FXStreet (Guatemala) - Valeria Bednarik, chief analysts at FXStreet explained that a dull Monday ended with the safe-haven currencies generally higher and the dollar mixed across the board, with the EUR/USD advancing up to 1.1247 in the American afternoon, and having spent the rest of the day consolidating nearby.
Key Quotes:
"Financial markets were all about sentiment this Monday, with increasing fear of Chinese economic slowdown spreading worldwide leading the way.
Data coming from the US was soft, as the PCE figures for August showed that personal income shrank to 0.3%, while spending rose to 0.4%. Monthly basis, the PCE price index came out at 0.0%, but advanced to 1.3% from previous 1.2% yearly basis. Pending home sales retreated in the same month, down 1.4% against expectations of a 0.5% advance. FED's officers fueled uncertainty, with Dudley stating that he expects the FED to hike later this year, but saying that will depend on upcoming data. Chicago FED's Evans on the other hand, resulted quite dovish, saying that he prefers a later lift-off to avoid the risk of lowering inflation."
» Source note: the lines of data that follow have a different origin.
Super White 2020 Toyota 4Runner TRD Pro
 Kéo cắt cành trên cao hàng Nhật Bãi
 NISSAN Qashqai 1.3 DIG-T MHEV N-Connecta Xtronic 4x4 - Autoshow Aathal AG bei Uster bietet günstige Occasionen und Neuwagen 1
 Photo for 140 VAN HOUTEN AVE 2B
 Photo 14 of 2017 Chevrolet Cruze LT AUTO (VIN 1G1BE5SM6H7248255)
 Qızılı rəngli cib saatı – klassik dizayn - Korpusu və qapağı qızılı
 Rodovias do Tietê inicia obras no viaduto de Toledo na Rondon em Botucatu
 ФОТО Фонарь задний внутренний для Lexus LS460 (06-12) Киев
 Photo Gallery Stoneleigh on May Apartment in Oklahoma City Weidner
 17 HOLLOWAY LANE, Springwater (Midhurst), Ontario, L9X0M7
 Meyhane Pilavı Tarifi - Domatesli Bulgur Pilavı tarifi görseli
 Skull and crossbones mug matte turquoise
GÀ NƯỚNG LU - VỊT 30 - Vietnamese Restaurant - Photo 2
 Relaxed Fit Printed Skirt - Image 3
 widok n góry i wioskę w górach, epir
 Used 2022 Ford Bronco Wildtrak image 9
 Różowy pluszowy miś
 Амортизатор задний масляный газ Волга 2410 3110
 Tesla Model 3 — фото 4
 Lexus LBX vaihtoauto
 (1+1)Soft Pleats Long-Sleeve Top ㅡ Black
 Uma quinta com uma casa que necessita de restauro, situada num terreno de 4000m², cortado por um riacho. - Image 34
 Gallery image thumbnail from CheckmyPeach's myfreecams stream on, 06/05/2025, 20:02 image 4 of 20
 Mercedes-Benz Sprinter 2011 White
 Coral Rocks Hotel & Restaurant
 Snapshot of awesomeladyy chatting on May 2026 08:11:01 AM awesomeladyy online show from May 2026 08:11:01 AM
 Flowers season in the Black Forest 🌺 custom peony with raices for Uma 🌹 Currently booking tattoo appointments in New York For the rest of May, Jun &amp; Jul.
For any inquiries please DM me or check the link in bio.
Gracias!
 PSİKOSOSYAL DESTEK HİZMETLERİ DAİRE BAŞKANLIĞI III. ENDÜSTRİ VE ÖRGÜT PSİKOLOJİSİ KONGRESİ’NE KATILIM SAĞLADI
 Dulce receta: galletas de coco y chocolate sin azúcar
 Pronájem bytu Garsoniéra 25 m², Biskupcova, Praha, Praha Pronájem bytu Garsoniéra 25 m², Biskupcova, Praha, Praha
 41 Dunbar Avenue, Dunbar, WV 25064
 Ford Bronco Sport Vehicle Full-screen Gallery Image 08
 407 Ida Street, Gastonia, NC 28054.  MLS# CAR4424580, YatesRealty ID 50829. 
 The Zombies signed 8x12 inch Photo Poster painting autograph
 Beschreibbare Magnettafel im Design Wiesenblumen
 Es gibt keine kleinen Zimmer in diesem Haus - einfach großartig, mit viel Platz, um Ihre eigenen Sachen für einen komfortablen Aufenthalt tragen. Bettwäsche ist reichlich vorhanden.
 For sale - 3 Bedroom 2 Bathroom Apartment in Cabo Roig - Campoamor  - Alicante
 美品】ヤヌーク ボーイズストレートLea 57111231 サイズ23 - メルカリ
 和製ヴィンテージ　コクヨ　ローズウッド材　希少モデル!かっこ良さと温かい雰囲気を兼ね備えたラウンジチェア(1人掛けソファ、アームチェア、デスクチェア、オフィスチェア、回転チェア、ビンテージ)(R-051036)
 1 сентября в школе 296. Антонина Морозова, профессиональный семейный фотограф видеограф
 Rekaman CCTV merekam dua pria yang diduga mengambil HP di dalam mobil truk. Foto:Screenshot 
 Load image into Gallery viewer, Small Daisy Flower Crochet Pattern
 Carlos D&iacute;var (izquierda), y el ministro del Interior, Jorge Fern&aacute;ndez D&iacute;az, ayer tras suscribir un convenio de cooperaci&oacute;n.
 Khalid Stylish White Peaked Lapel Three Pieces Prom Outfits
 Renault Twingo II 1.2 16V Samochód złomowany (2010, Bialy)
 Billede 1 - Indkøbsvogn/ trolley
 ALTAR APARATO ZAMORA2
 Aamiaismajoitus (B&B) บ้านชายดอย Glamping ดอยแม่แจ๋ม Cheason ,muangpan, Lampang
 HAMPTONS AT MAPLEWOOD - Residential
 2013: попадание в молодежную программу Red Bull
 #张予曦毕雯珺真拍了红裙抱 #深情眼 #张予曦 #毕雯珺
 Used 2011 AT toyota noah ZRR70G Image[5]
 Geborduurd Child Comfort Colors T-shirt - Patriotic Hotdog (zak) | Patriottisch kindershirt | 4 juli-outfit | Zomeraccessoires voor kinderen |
"Technically, the short term picture for the EUR/USD pair has turned slightly positive, although the pair stalled its intraday advance around a key static resistance level. But the 1 hour chart shows that the price is hovering around its 200 SMA after accelerating above the 100 and 20 SMAs, whilst the Momentum indicator heads slightly higher above the 100 level and the RSI indicator advances slowly around 64."
"In the 4 hours chart the price advanced above its 20 SMA, now offering an intraday support around 1.1200, whilst the RSI indicator turned north and advanced beyond 50 supporting additional advances towards the 1.1335 region for this Tuesday, on renewed demand beyond the mentioned daily high."